宇宙戦艦ヤマト2199(2012年:日) [Movie(映画・DVD)]
その後、テレビシリーズ「宇宙戦艦ヤマト2」「宇宙戦艦ヤマトⅢ」、劇場版「宇宙戦艦ヤマト~新たなる旅立ち~」「宇宙戦艦ヤマト 完結編」「宇宙戦艦ヤマト 復活編」、さらには実写版「SPCE BATTLESHIP YAMATO」も上映されるなど、制作サイドの混乱の中、数十年に渡って制作・放映、上映されてきた伝説的作品がヤマトシリーズだ。
ストーリーは異星人からの地球への攻撃をヤマトとその乗組員が阻止するといういたってシンプルなものだが、コテンパンにやられ、ボロボロになっても闘い続けるヤマトの姿が受けたのか、当時としてはリアルなメカが男子の心をくすぐったのか、時空を超える長距離移動ワープや一撃で星をも吹き飛ばすが充填中は攻撃できない波動砲などの設定がシビレたのか、今では不思議ではない様々な仕掛けが一世を風靡することとなった。
さて、様々なストーリーが描かれこれまで触れられることのなかった原点が、新たな設定でリメイクされたのが本作「宇宙戦艦ヤマト2199」だ。劇場でイベント的に公開され、その後DVD、ブルーレイで発売&レンタル、最後にテレビ放映と段階的に商機を広げるという新商法も展開された。恐るべし。
未知の敵ガミラスからの攻撃を受けた地球に残された人類滅亡までの時間はわずか1年。遥か大マゼラン銀河からのメッセージを頼りに製造された宇宙戦艦ヤマトが往復33万6千光年の旅に出るというもの。
沖田十三艦長の元、古代進、島大助、森雪などの主要キャラクターは原作のまま、新たに多くのキャラクター設定がなされた。ヤマト他、主要メカもオリジナルデザインを踏襲しながら、新たな設定が設けられ、大筋オリジナルに沿いながらも新機軸のヤマトが再構築されたといえる。
前作を知る者からの評価は様々だが、当時を知る一人としてはなかなか面白く観させてもらった。
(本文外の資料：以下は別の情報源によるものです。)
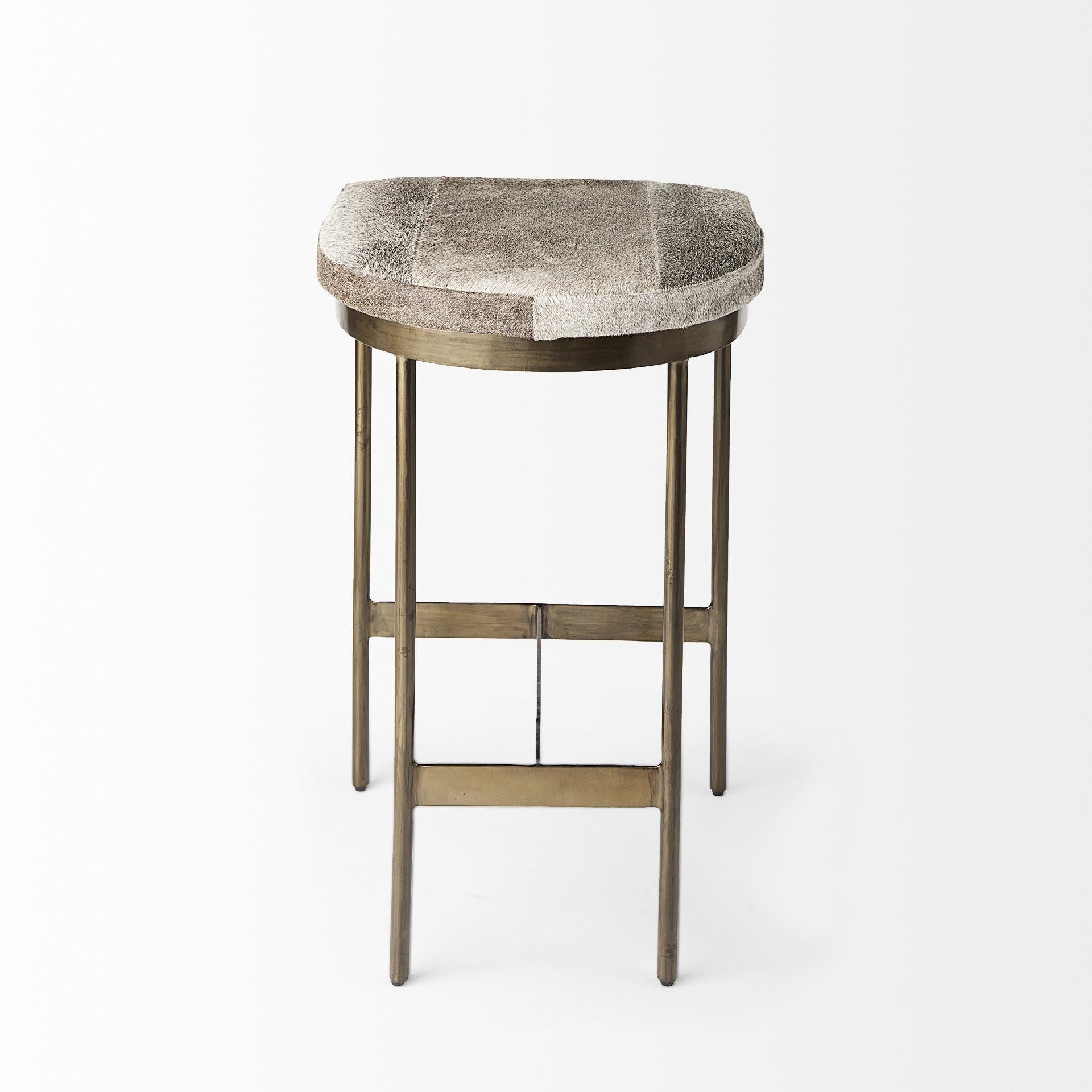 Cowhide Counter Stool with Gold Metal Frame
今のアニメ風になった森雪とやはり今風に女性乗組員が多数設定されており、オリジナルの男だらけのヤマトとは一線を画す。また、キャラクターデザインも松本零司氏のタッチから一新されており、そこも賛否の分かれるところだ。
主役の古代進も今風にモデルチェンジ。旧作の昭和スタイルから脱却した感があるが、少し弱くなった感じも・・・。
さらに、キャラクターが多数登場するため、航海士島や佐渡先生などの影が薄くなっているのは少々さびしいかもしれない。
本作では、旧海軍時代から現在の海自でも使われている用語・イントネーション・発音などを盛り込んでおり、一般的な呼称に慣れている者には違和感を覚えさせるところもある。
例えば、「艦長」のイントネーション。カン(↑)・チョウ (↓)が聞き慣れているが、本作ではカン(→)・チョウ(→)となっていたり、左舷(さげん)をヒダリゲンと言ったりする。「打ち方始め」も「うち~かた~はじめ」というように、SFとは思えないような何ともマニアックなこだわりをみせているのだ。
面白い点は枚挙にいとまがないが、作画も新しく奇麗に仕上がっていて旧作を知らなくても楽しめるのではないだろうか。
某伝説的ロボットアニメもリメイクするとかしないとか。設定は当時のままで劇的にリアルになったアニメ技術を駆使したリメイク版は旧作で燃え上がった世代にはたいへん興味深いものなのだ。実写版はどうしても裏切られた感が募るものが多いだけに期待は一層なのだろう。